Były przewodniczący Rady Europejskiej był kluczową postacią podczas negocjacji umowy o wystąpieniu Wielkiej Brytanii z UE, często krytykując stanowisko negocjacyjne Wielkiej Brytanii i często kpiąc z ówczesnej premier Theresy May.
Jednak teraz Tusk wzywa Wielką Brytanię, aby przyszła na pomoc UE i pomogła w walce z Chinami w związku z drakońskimi przepisami dotyczącymi bezpieczeństwa, które Pekin narzucił Hongkongowi w zeszłym roku.

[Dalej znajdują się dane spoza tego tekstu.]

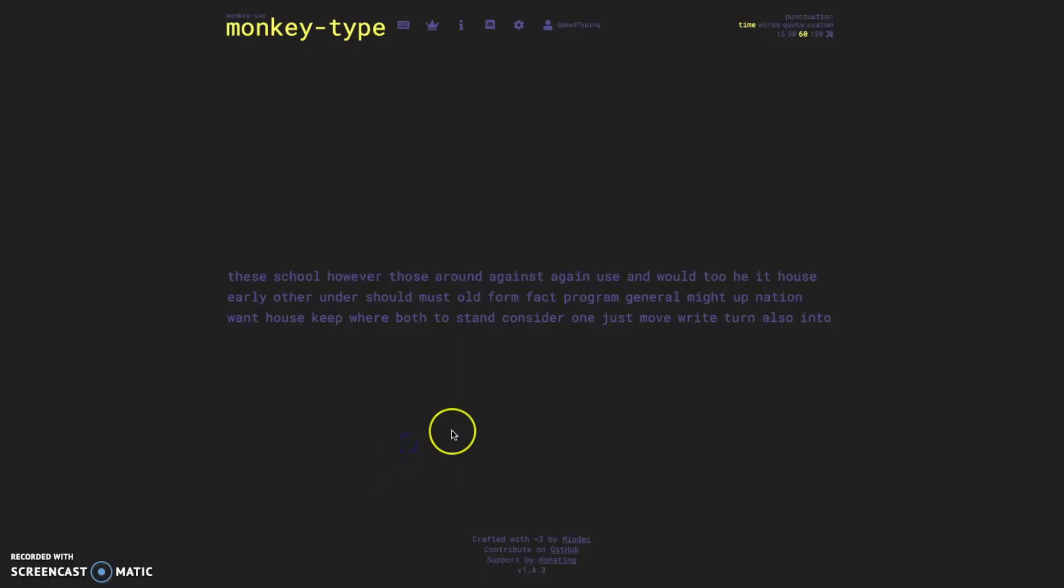Hello and welcome back to speed typing. In this video I want to talk about monkeytype.com. Now I haven't talked about monkeytype for quite a while and I think that there's lots of important changes that have happened to the website since the last time I talked about it.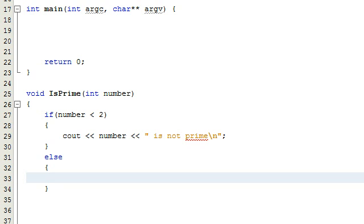Hey everybody, this is Paul. Welcome to part two in determining whether or not a number is a prime number by writing a C++ program.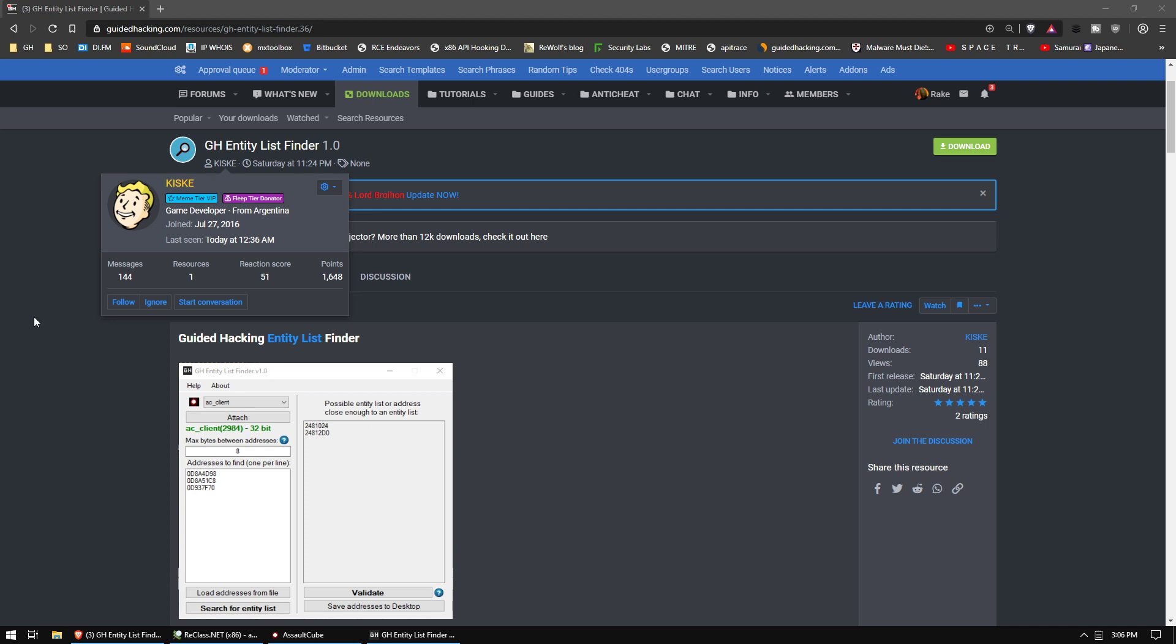All right, this is a video about the guided hacking entity list finder. The main developer is Kisk, but this is kind of a community project where a bunch of us pitched in and tried to help out.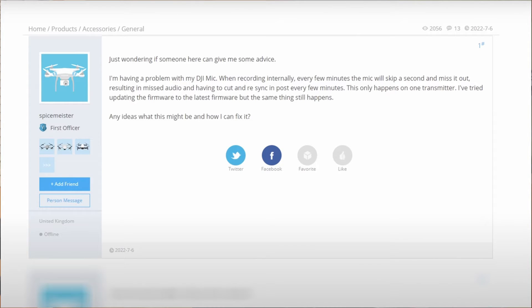Like one or two seconds, or half a second sometimes, would just not get recorded into the internal storage. And because of that, it threw off all of my synchronizations for all the different video cameras that I was working with.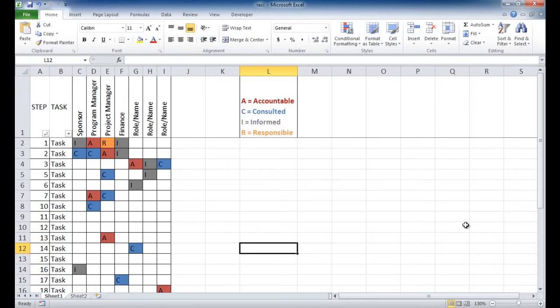Hi, in this session I'm going to show you how to create a RACI chart, or it's also known as a responsibility assignment matrix. It's a tool used in project management to track the roles and responsibilities.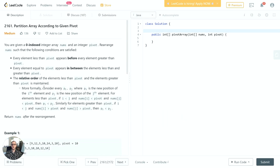Hey guys, thanks for joining. In this video we're going to take a look at problem 2161 on LeetCode: Partition Array According to Given Pivot. We'll go over the description, review the examples, discuss different ways to implement a solution, call out edge cases, discuss data structures and algorithms to make this efficient, and finally implement and submit the code. I'm coding in Java, but the concepts carry over from language to language.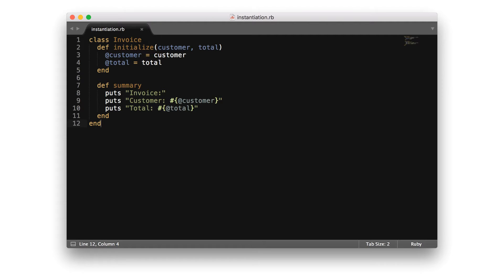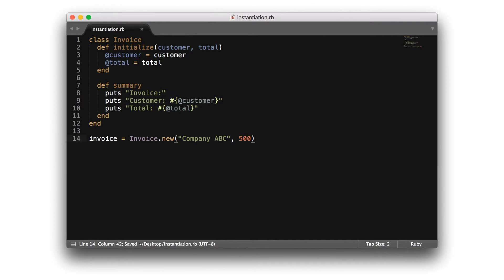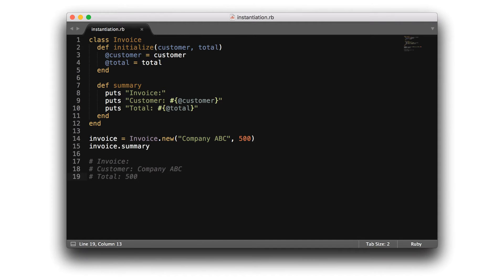Now, if we create an instance of invoice and store it in a variable, as shown here, I've used instantiation to take a class and build an object based on the class definition. And with this process in place, I can use the object to perform tasks such as printing out the summary.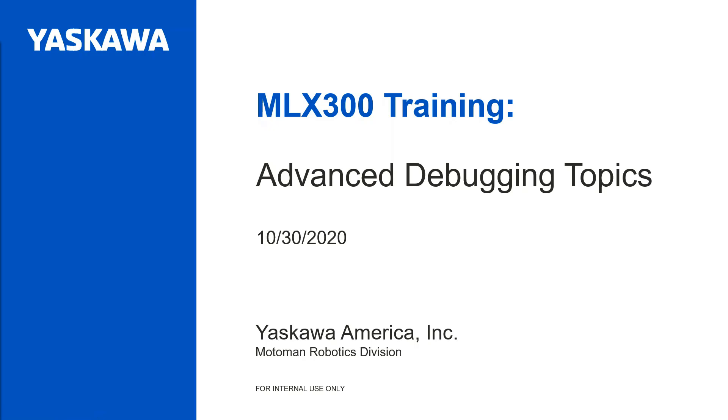Welcome to the MLX 300 Advanced Debugging Training. This video presentation will explain the most common programming mistakes and how to detect and resolve the issues.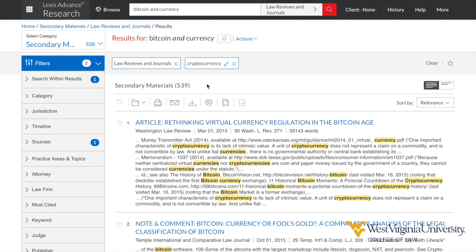Please use this video as a reference when performing searches in Westlaw Edge and Lexis Advance going forward. See a law librarian or your legal research professor with any questions.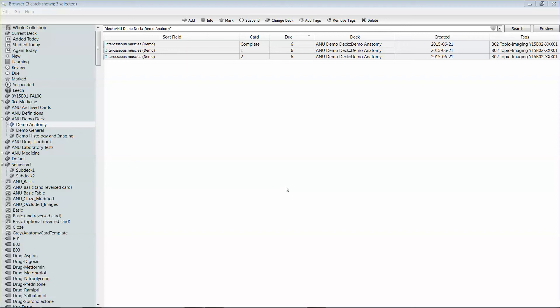So if you want to combine cards from two decks, or perhaps you've downloaded a deck which relates to a lecture from a colleague and you want to incorporate that into one of the topic decks that you have, you're going to need to be able to move your cards around. And thankfully that's relatively simple to do.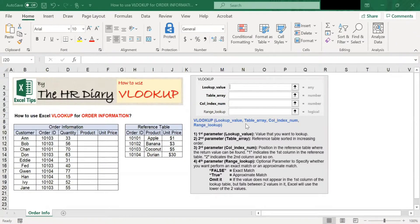Hello! Welcome to Excel Tips by The HR Diary. Today, I'm going to show you how to use the VLOOKUP function. You can use VLOOKUP to search for a value in your data and return a corresponding value in another column.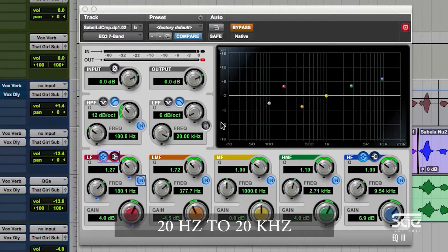Now let's take a look at how we treat a vocal with EQ. I like to look at the processes that we do to sound on different axes. The first one being the frequency axis — essentially 20 hertz to 20k. Sound, our hearing, is between those frequencies. Every sound that we will be treating with an EQ will also be between 20 to 20 kilohertz. The human voice is represented in almost that full bandwidth.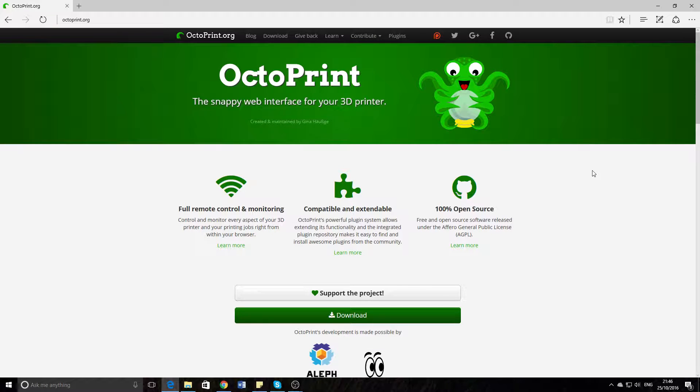Hello and welcome back to Unboxed Reviews. Today we're going to see how to install OctoPrint and how to use it with your 3D printer.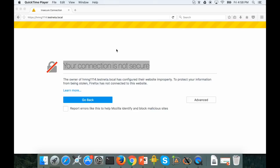If you have a HiveManagerNG on-premise installation, every time you access the web interface you will see this error saying that your connection is not secure.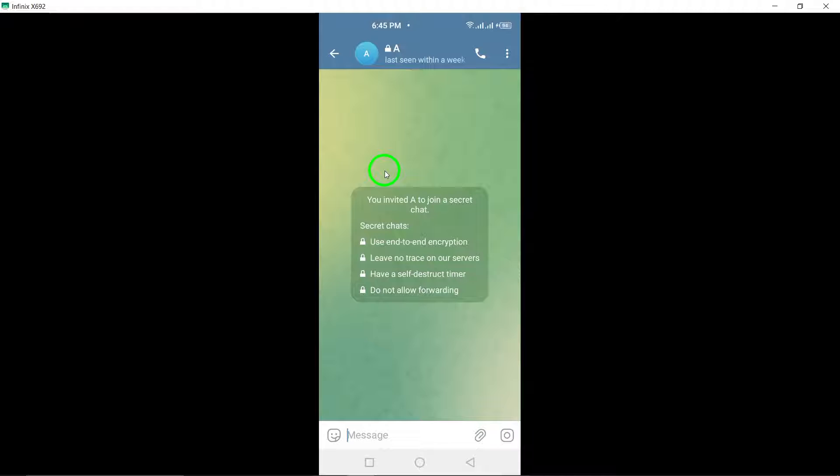And if that wasn't enough, secret chats also come with a self-destruct timer. You can set a timer for how long you want your messages to be visible before they disappear forever.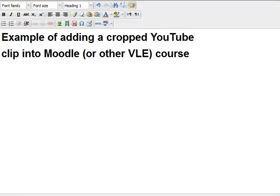I'm Dave Ford. In this screencast I'm going to show how it is possible to take a video that you found on YouTube and then crop it and then put it into something like Moodle or another type of environment like a VLE.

Napisał na Twitterze: „UE i Wielka Brytania powinny wspólnie zareagować na chińskie represje w Hongkongu. Pokażmy, że pomimo Brexitu nadal jesteśmy wspólnotą, jeśli chodzi o prawa powszechne”.
Jednak wielu użytkowników Twittera natychmiast zwróciło uwagę panu Tuskowi, w jaki sposób UE niedawno uzgodniła lukratywną umowę inwestycyjną z Chinami, która jak się wydaje, została przyspieszona po Brexicie.
Jeden napisał: „To są puste słowa, w których brakuje działania. UE tyle co podpisała umowę inwestycyjną z Chinami. Xi siedział rozpromieniony podczas rozmowy wideo z Merkel, Macronem, von der Leyenem… czyniąc UE współwinną światowego samozadowolenia w walce z nadużywaniem demokracji i praw człowieka przez KPCh.”
Inny napisał: „Czy nie było dla nas ‘specjalnego miejsca w piekle?’ @guyverhofstadt jak myślisz, zawrzeć umowę z Chinami, czy nie?”
Nawet zagorzały unijny zwolennik i europoseł Guy Verhofstadt zaatakował Brukselę za zawarcie umowy inwestycyjnej z Chinami, apelując do Parlamentu Europejskiego o zawetowanie umowy.
Napisał na Twitterze: „Czy to czas na negocjowanie umów z Chinami? Myślę, że to pokazuje geopolityczną naiwność zamiast geostrategicznej autonomii. Na szczęście, w przeciwieństwie do Chin, UE jest demokracją i @Europarl będzie miało ostatnie słowo!”.